Remediation/Construction Tasks:

  • Constructed dredged sediment stabilization and staging areas.
  • Installing turbidity silt curtains.
  • Install storm outfall bypass system.
  • Constructed water treatment system for wastes generated from dewatering process and storm water runoff.
  • Mechanically, dry-dredged over 6000 cubic yards of lead contaminated lake bottom sediments.
  • Solidified and stabilized dredged sediments with admixture reagents.
  • Loaded and transported over 6000 tons of stabilized sediments.
  • Backfilled excavated lake areas.
  • Site restoration of landscape and wetlands to pre-construction conditions.

Background and Preparation

WRS mechanically dry-dredged via barge mounted excavators over 9,000 cubic yards of lead impacted sediments from a 12-acre spring fed lake down to a depth of 20-feet. Aerial control was provided with a sub-meter global positioning unit. Vertical elevations were recorded by an independent, licensed surveyor based on area footprints provided by the GPS software.

All dredged sediments were loaded into barge mounted intermodal steel containers and located by pusher motors. The wet sediments were removed with a 65-foot long reach excavator, placed into the steel containers, and transported to the edge of the lake.

Initially, the dredge sediments were dewatered using a plate and frame filter press. However, a number of complications associated with filter pressing the sediments resulted in delayed production. Accordingly, various alternatives were explored to solidify the sludge phase and thus increase the overall production rates.

After examining the various alternatives, it was determined that the addition of ZapZorb (a Super Absorbent Polymer or SAP distributed by ZappaTec) was extremely effective in the rapid and economical solidification of the sediment. The dredged sediments were transferred to a field constructed mechanical mix basin consisting of interlocking concrete lined with an HDPE liner.

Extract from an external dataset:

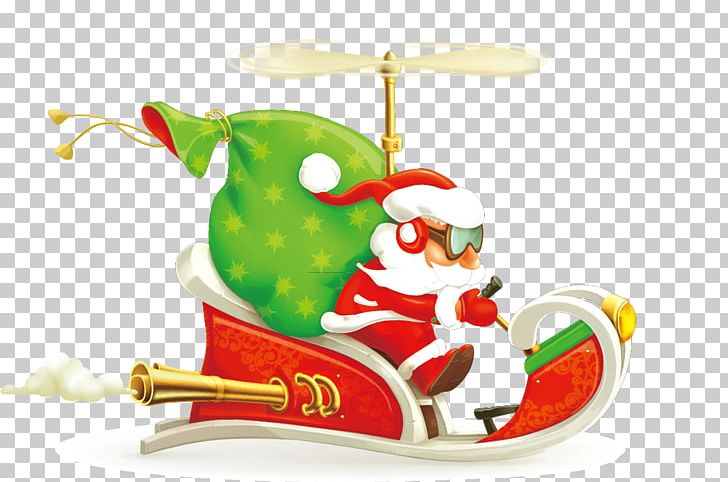 Santa Claus Christmas Eve Gift PNG, Clipart, Christmas, Christmas Border, Christmas Decoration, Christmas Eve, Christmas Frame Free PNG Download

After the transfer of approximately 200 tons of wet dredge sediments into the mix basin approximately 2 cubic yards of super absorbent polymer and phosphate-based lead fixating agent were added. The super absorbent polymer was used to solidify the sediments prior to stabilizing the metals (contaminants). Approximately 1-ton of SAP was broadcast within a confined concrete cell to approximately 200 cubic yards of sediments where it was mixed using a long-reach excavator.

Treatment & Restoration

Once the solidified sediment transformed into a cohesive “soil,” the phosphate-based reagent was applied. To treat the sediments for a TCLP lead results below 5 mg/l, dosages ranging from 1% to 3% were applied. Stabilized sediments were transferred to 250-ton stockpiles and then sampled for TCLP metals (RCRA 8). The sediments were loaded into dump trailers for transportation to a Sub-Title D landfill after analytical verification.

Restoration activities included:

  • Importing clean fill and replacing/backfilling the removed sediments in water depths of 4 foot or less
  • Grading and sodding disturbed bank soils
  • Wetland plantings

This removal action was intended to reduce or eliminate exposure risks of impacted sediment to reduce the rate of migration of lead to surface waters. This was accomplished by treating contaminated sediments to below TCLP metal standards to render the dredged sediments non-hazardous for landfill disposal.